Il 16 giugno Emilio Canzi viene gravemente ferito alla mano destra dalle schegge di una bombarda, mentre sta guidando il suo plotone ancora una volta all'attacco proprio sotto le mura di Huesca. Soccorso dai suoi compagni, viene trasportato dietro le linee per i primi soccorsi. Le ferite si rivelano più gravi del previsto e viene quindi ricoverato nell'ospedale di Barcellona. La degenza in ospedale dura circa due mesi, perché è possibile che siano intervenute complicazioni. Durante questo periodo le notizie, apprese dai compagni nel corso delle visite e dalla lettura dei giornali, non lo aiutano di certo a sollevarsi il morale, e gli rendono sempre più arduo il tentativo di trovare valide ragioni per restare in Spagna.
I comunisti eretici del POUM sono stati messi fuori legge a metà giugno, le loro sedi chiuse, il giornale messo a tacere, il leader del POUM Andreu Nin arrestato, torturato e infine fatto sparire. Le accuse propagate ad arte sostengono che quel partito è in realtà una banda di agenti nemici, di infiltrati al soldo dei fascisti. In quelle settimane non è raro che miliziani della 29a divisione (l'ex-colonna Lenin del POUM), tornando ignari dal fronte aragonese per la licenza o per curarsi le ferite, vengono arrestati e il più delle volte fucilati all'alba e sepolti nelle fosse di Montjuich, presso Barcellona. Anche per gli anarchici italiani, che non si erano arruolati nelle divisioni dell'Esercito Popolare o non avevano raggiunto la Francia, i tempi sono difficili: diversi sono finiti in carcere; il piacentino Guido Schiaffonati, che fortunosamente era riuscito ad evitare l'arresto ai primi di luglio, raggiunge la Francia.
Nel Battaglione Italiano Garibaldi i rapporti si stanno deteriorando. L'accre-sciuta influenza politica degli stalinisti ha fatto crescere il malcontento tra molti volontari; Giorgio Braccialarghe, comandante del reparto Arditi, lascia nell'agosto il “Garibaldi” e torna in Francia. Dopo qualche settimana anche il comandante del Battaglione Italiano Randolfo Pacciardi si dimette e lascia la Spagna. Si era rifiutato di obbedire ad un ordine dei consiglieri militari sovietici che gli imponeva di mandare dei suoi reparti a Barcellona durante gli scontri del “maggio di sangue” a sostegno delle forze governative del PSUC. I sovietici se l'erano legata al dito e da allora il comando di Pacciardi aveva avuto le ore contate, nonostante godesse di grande prestigio presso i suoi volontari che in gran parte erano militanti comunisti.

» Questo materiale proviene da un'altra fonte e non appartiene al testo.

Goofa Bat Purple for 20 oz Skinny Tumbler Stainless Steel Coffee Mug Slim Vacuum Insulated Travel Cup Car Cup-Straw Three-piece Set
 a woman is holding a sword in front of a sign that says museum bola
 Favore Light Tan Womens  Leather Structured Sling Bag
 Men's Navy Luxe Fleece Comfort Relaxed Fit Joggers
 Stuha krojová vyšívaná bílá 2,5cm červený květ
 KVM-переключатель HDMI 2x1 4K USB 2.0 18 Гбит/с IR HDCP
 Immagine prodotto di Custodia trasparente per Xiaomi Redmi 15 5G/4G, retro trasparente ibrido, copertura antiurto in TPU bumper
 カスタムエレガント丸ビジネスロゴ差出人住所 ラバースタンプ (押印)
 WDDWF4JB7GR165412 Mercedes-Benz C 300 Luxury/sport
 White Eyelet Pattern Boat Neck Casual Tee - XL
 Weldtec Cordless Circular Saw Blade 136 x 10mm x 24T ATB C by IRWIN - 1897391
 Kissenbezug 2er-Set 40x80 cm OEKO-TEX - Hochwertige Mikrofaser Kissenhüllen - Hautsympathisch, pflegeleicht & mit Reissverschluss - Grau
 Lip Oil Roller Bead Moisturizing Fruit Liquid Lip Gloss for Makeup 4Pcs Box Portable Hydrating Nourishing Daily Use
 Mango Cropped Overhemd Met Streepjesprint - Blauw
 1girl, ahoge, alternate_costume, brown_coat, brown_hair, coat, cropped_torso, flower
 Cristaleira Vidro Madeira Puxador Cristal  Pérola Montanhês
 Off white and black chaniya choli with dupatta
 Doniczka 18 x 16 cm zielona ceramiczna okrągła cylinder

In quei giorni interminabili passati nella corsia dell'ospedale leggendo “Solidaridad Obrera”, le cui pagine molte volte sono tagliate dalla censura governativa, Canzi apprende che il governo Negrin l'11 agosto del 1937 ha sciolto per decreto il consiglio d'Aragona, costituito un anno prima dalle milizie anarchiche. Ma il comandante stalinista Enrique Lister era andato ben oltre quanto previsto nel provvedimento: aveva smantellato il consiglio e arrestato molti iscritti alla CNT, con una repressione inutilmente brutale, che ebbe effetti devastanti sul morale della popolazione. Dopo poche settimane una stessa sorte toccherà ai collettivi e alle comuni agricole della Catalogna. La rivoluzione autogestionaria e libertaria era stata spazzata via.
Alla fine di agosto Emilio lascia l'ospedale e fa ritorno a Parigi, dalla moglie e dai figli.